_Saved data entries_
§ §

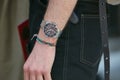 Man with Timex watch and fabric bracelets before Emporio Armani fashion show, Milan Fashion Week street style on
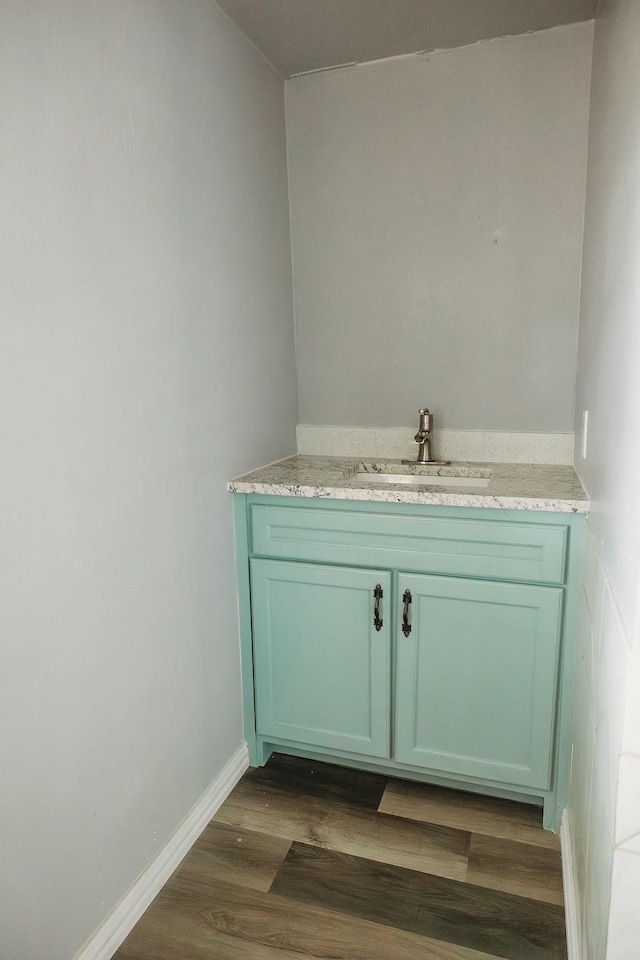 bathroom with vanity and wood finished floors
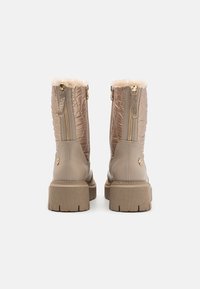 Beige ankel støvler med quiltet design, teksturert stoff, sidesyninger og imitasjonspelskant på toppen. Tykk gummisåler med ribber.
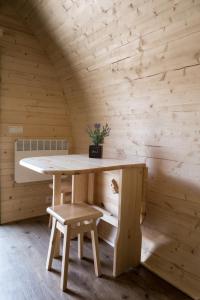 a table in a wooden room with a bench and stool at Leaf Du Nord in Dirbach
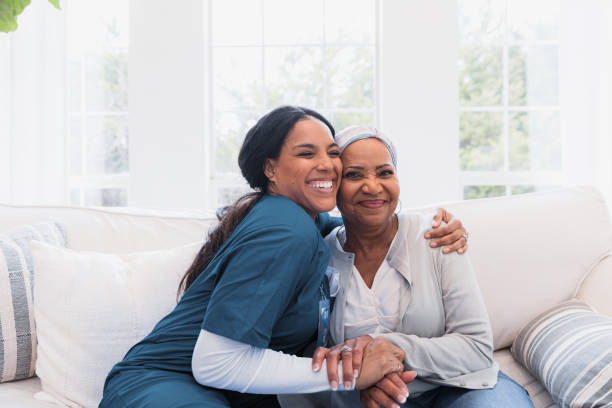 istock Emotional Support: Nurse and Patient Bonding on a Sofa 2198206057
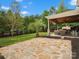 Large backyard featuring a covered patio, outdoor kitchen, and a stone patio, perfect for outdoor gatherings and relaxation at 3100 Stanway Ct, Waxhaw, NC 28173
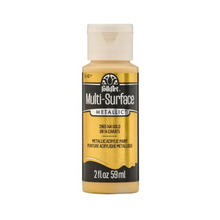 Load image into Gallery viewer, A bottle of FolkArt Multi-Surface Metallic acrylic paint in color 2955 14K Gold, featuring a gold and black label with a white cap, on a solid white background.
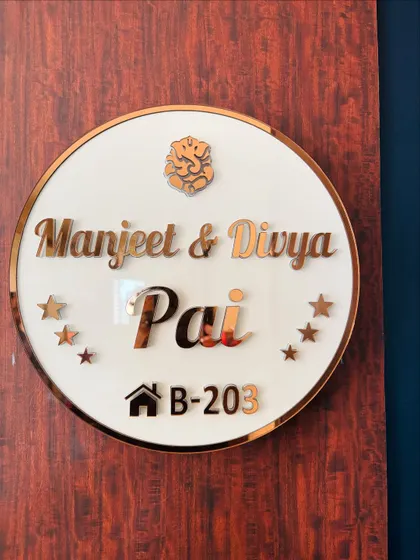 A custom nameplate I designed for a client, featuring acrylic lettering, a Ganesha motif, and a rose-gold finish.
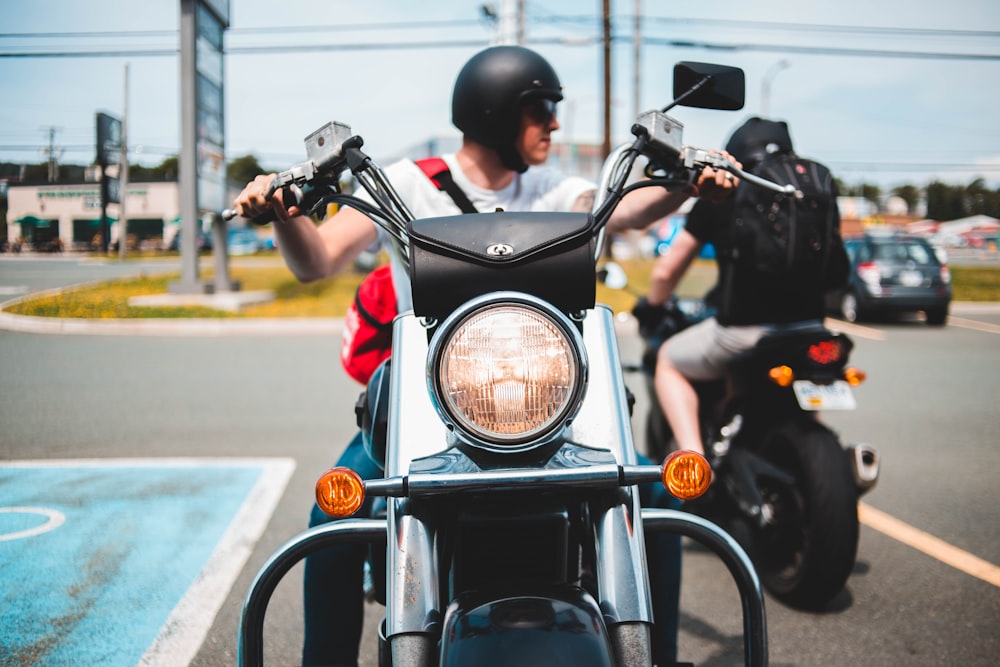 man riding on motorcycle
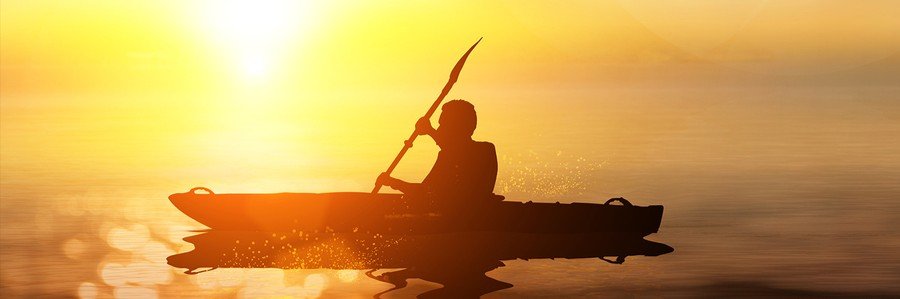 Sunset Kayaking in Merritt Island, Florida Person kayaking across calm water during a colorful sunset in Merritt Island, Florida.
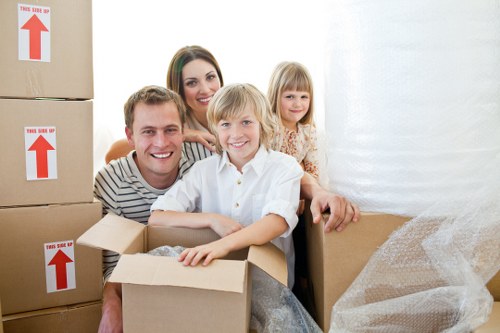 Movers loading household items into a removal van in Hampstead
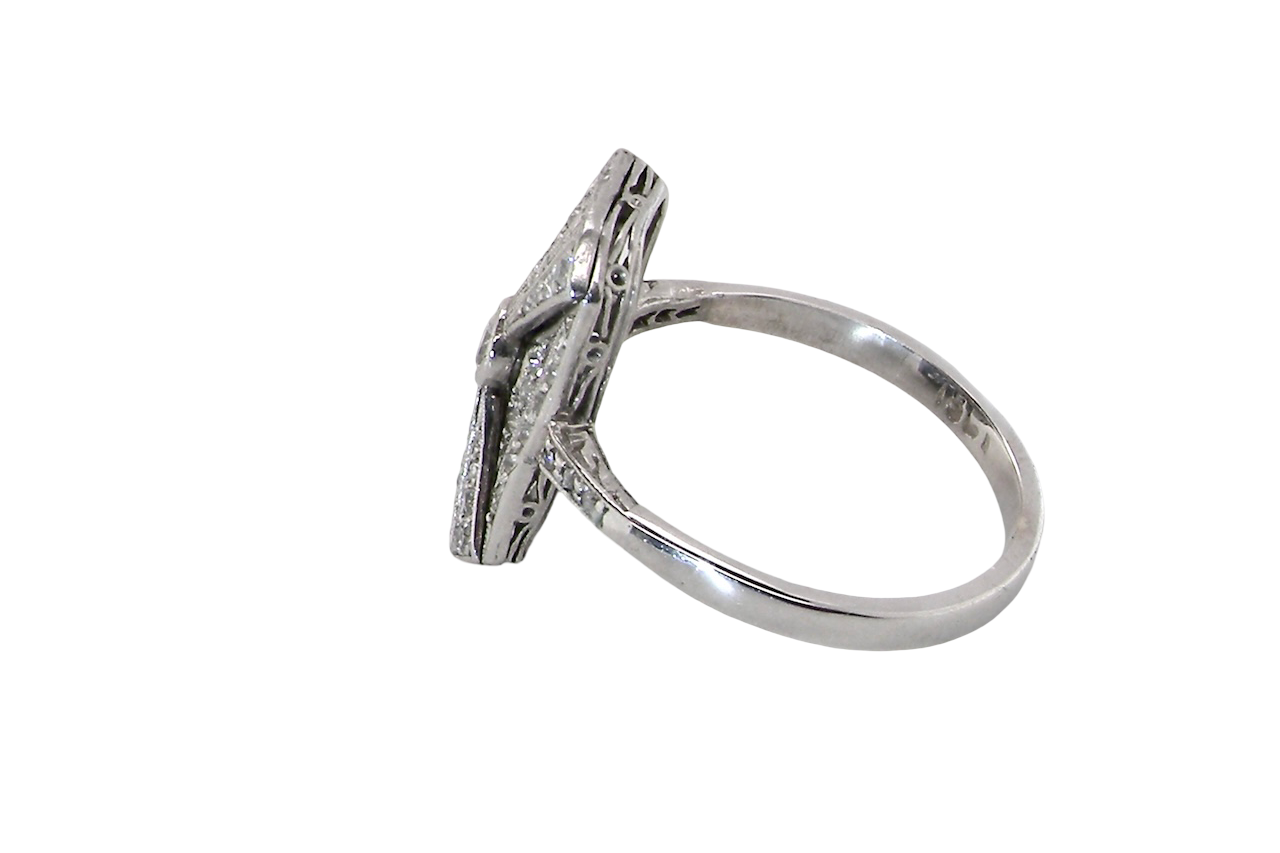 An Art Deco panel shaped cluster ring. The head measures 16x10mm, depth 3.4mm, and has two fan shaped designs that feature above and below a brilliant cut white diamond centre stone which measures 3.4mm (0.15 carats est)
side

§ §

_Assignment_
Print the data above verbatim from the first line through the line holding "a table in a", leaving every picture out.

_Task result_
 Man with Timex watch and fabric bracelets before Emporio Armani fashion show, Milan Fashion Week street style on
 bathroom with vanity and wood finished floors
 Beige ankel støvler med quiltet design, teksturert stoff, sidesyninger og imitasjonspelskant på toppen. Tykk gummisåler med ribber.
 a table in a wooden room with a bench and stool at Leaf Du Nord in Dirbach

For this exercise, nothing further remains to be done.